**Your assignment**
Leave every picture out, and give again exactly the lines from the one containing "Sterilite Ultra 2" through the end of the listing.
Segment Start: Source records
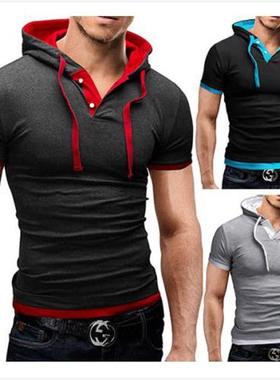 夏季吊绳连帽短袖T恤 Men's Hooded Tees Short-Sleeved T-Shirts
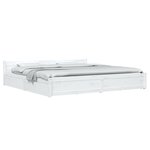 vidaXL Cadre de lit sans matelas avec tiroirs blanc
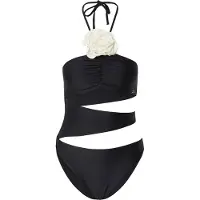 Karl Lagerfeld Karl Dna Flower Swimsuit Black Taglia: XL | Costumi Interi Outlet | Donna | Nero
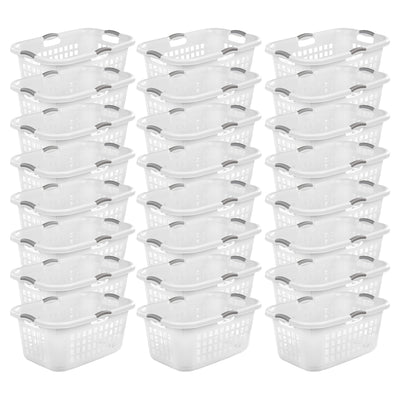Sterilite Ultra 2 Bushel Plastic Stackable Laundry Basket Bin, White (24 Pack)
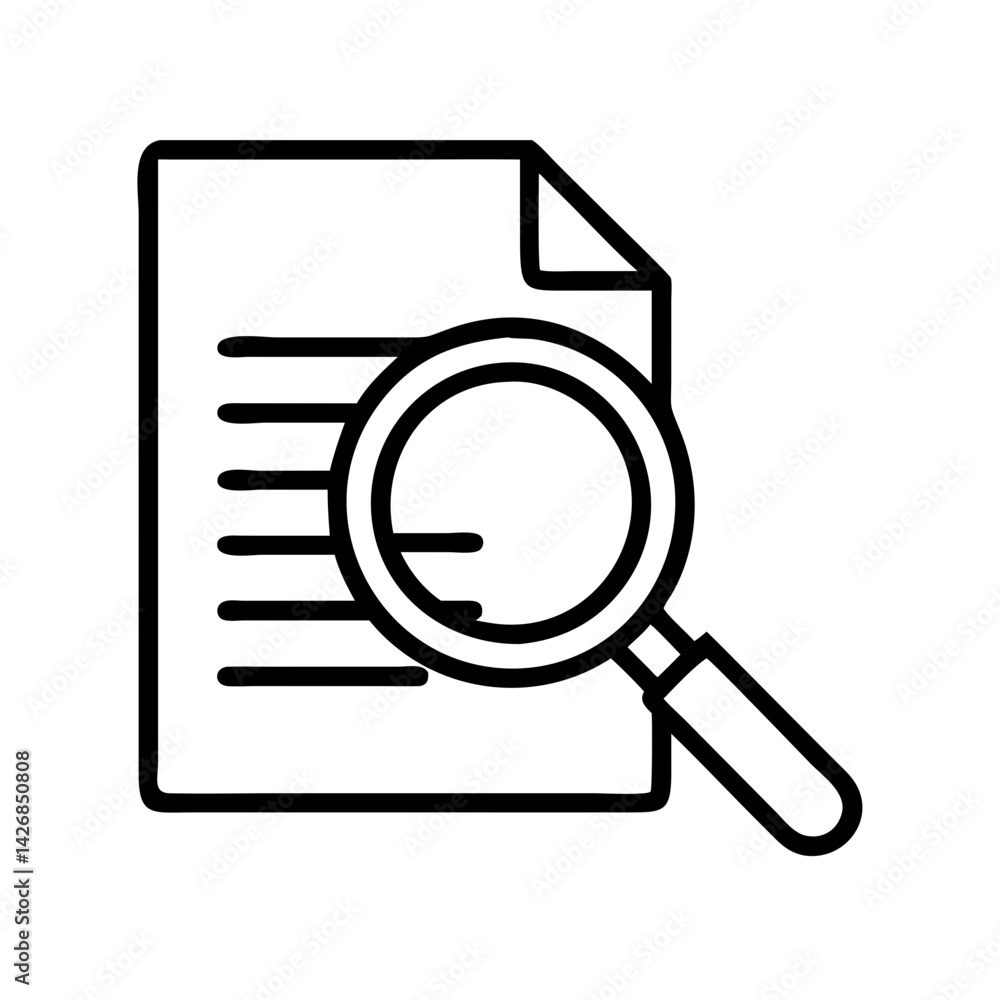Poster document search magnifier analysis find research information data file zoom investigation paper chec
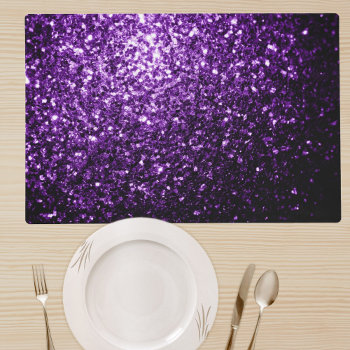 Dark Purple Faux Shiny Glitter Sparkles Placemat by PLdesign at Zazzle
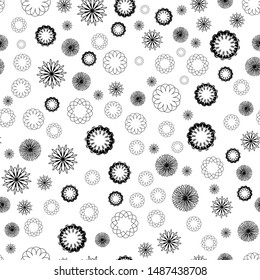 Seamless pattern of geometric shapes on a white background.
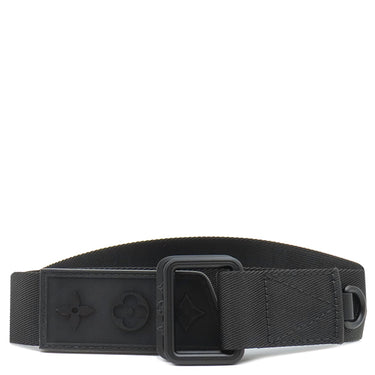 ルイヴィトン LOUIS VUITTON サンチュール スケーター M0544 ブラック コットン ベルト マットブラック金具 黒 モノグラムフラワーモチーフ 35MM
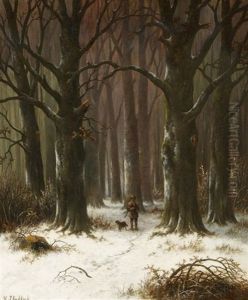 Jager Im Winterwald by Hendrik Pieter Koekkoek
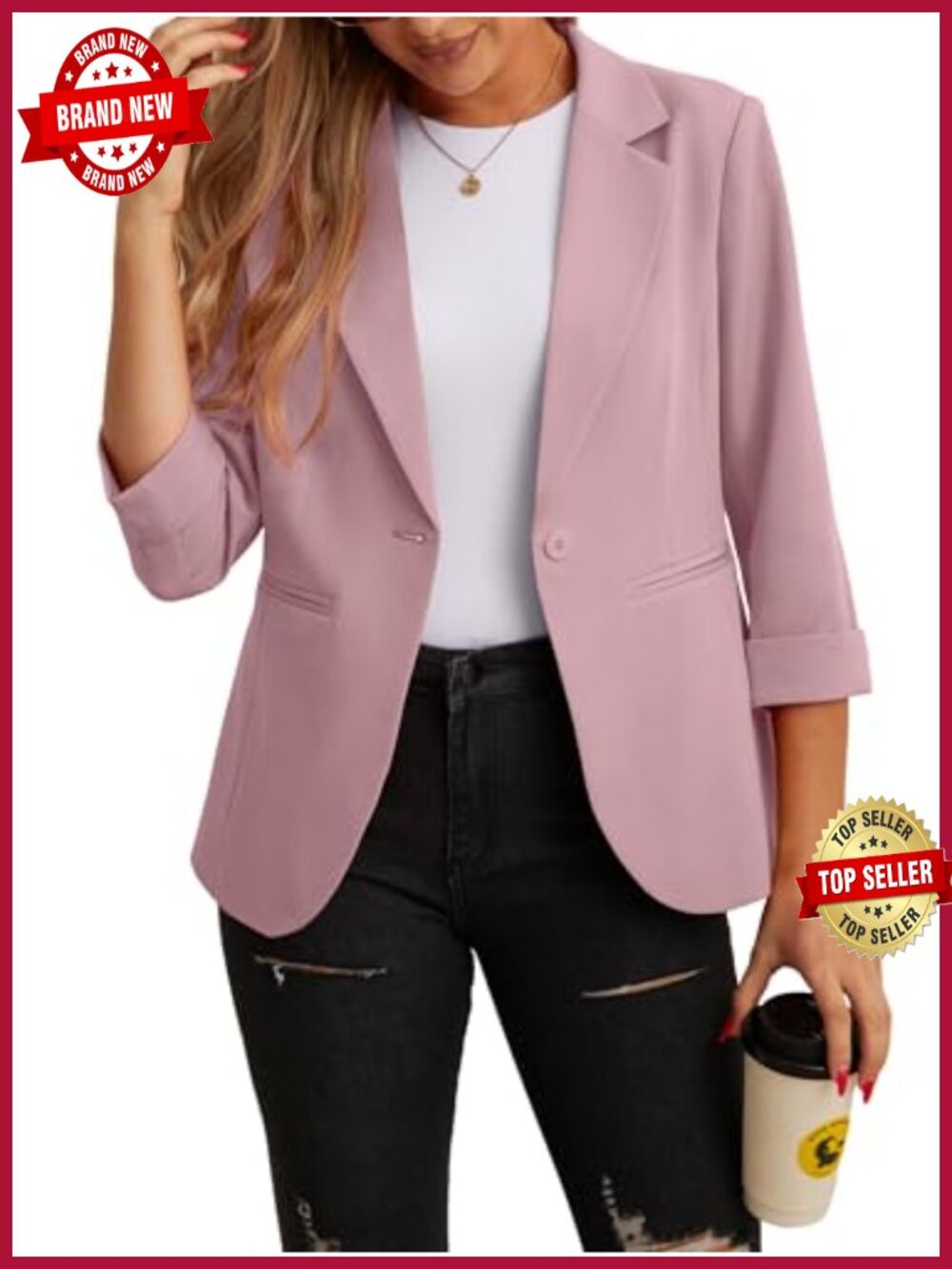 Women's 3/4 Sleeve Lapel Blazer Suit Jacket Button Front Pockets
Segment End: Source records
**Solution for this task**
Sterilite Ultra 2 Bushel Plastic Stackable Laundry Basket Bin, White (24 Pack)
Poster document search magnifier analysis find research information data file zoom investigation paper chec
 Dark Purple Faux Shiny Glitter Sparkles Placemat by PLdesign at Zazzle
 Seamless pattern of geometric shapes on a white background.
 ルイヴィトン LOUIS VUITTON サンチュール スケーター M0544 ブラック コットン ベルト マットブラック金具 黒 モノグラムフラワーモチーフ 35MM
 Jager Im Winterwald by Hendrik Pieter Koekkoek
 Women's 3/4 Sleeve Lapel Blazer Suit Jacket Button Front Pockets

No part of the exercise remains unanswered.